An Open Letter to the JCP Executive Committee - aardvark179
http://mreinhold.org/blog/to-the-jcp-ec
======
raulk
JBI déjà vu. I see some parallelism between this JSR and the Java Business
Integration (JBI, JSR-208) JSR back in 2005.

Instead of building a standard for integration, they ended up specifying a
standard for interoperability between integration components from different
vendors, i.e. a "meta"-integration system (using the same term as the author).

The result was a spec that allowed an (a) HTTP adapter from Oracle to exchange
data with a (b) File adapter from IBM – through (c) an ESB implemented by
TIBCO, for example. Essentially something that nobody would even think of
deploying (in the era of proprietary, expensive and lock-in middleware).

Obviously the standard was DOA and had very little traction. Not even the JSR
members implemented it. The only memorable implementation was Apache
ServiceMix, which later transitioned to OSGi, spinning off its kernel as
Apache Karaf.

In hindsight, the vendors might have acted like trojan horses with JBI,
steering the spec into a territory that would be ultimately worthless.

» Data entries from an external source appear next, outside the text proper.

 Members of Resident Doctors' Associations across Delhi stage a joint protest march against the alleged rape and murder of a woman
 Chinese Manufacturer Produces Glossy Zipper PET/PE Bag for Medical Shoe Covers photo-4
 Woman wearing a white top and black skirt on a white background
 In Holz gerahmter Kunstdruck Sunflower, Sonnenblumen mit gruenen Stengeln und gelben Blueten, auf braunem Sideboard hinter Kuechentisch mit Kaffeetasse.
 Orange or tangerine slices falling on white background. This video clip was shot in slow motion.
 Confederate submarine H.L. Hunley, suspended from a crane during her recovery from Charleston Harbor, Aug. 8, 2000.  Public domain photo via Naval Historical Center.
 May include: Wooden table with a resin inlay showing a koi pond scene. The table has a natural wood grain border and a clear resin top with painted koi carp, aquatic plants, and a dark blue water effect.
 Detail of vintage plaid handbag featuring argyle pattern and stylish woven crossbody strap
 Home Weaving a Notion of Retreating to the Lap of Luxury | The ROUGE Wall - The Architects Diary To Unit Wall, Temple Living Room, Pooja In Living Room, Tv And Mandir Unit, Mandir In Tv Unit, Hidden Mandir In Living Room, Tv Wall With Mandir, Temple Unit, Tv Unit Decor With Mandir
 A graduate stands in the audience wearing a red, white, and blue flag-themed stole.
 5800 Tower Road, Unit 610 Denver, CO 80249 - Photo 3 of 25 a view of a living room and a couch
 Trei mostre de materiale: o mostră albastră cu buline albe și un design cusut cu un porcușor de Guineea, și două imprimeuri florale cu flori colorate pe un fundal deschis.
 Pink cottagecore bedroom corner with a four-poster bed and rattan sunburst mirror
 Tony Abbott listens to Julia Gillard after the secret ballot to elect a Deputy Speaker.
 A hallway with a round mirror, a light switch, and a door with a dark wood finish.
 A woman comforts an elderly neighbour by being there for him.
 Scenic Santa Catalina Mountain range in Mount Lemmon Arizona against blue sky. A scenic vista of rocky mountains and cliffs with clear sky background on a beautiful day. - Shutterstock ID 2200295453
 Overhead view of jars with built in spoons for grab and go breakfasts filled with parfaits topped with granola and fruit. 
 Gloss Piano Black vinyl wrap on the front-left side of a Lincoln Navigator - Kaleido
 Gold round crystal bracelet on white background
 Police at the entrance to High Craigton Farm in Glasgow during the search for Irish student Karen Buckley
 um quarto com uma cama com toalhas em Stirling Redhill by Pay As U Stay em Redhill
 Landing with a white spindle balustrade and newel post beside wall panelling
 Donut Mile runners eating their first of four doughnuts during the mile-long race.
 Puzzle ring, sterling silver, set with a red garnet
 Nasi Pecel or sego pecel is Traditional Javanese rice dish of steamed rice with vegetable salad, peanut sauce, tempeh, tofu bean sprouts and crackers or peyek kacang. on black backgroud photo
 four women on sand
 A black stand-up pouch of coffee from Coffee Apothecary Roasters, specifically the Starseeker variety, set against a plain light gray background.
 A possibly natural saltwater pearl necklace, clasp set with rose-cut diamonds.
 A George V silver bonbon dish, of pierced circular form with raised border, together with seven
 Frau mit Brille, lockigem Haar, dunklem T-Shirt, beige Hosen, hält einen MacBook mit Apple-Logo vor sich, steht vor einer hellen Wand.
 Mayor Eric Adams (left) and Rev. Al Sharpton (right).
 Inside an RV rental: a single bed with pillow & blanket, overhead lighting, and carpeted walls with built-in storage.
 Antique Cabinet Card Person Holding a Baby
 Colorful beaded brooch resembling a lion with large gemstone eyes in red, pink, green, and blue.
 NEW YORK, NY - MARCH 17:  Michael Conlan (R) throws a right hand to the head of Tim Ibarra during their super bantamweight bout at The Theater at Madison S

The lesson to learn is that commercial vendors don't gain anything by
standardising on those elements they consider strategic differentiators (like
their module system).

EDIT: minor edits for clarity.

------
merb
> Should we further delay this JSR—possibly for years—in order to gain “closer
> consensus” by pursuing a different goal that will likely result in a design
> so bloated and complex that no working developer would ever use it

this. I don't see a reason to even delay Java 9 more. It's really really
really silly. Yes no solution is perfect, but most of the time when somebody
want to make something perfect and actually implement everything for
everybody, they fail or it ends up in super complicated stuff. Java 10 and
Java 11 looks promising, maybe more promising than 9 but 9 also has promising
things and the module system might emerge into something super useful, if not
- is that the end of the world? prolly not.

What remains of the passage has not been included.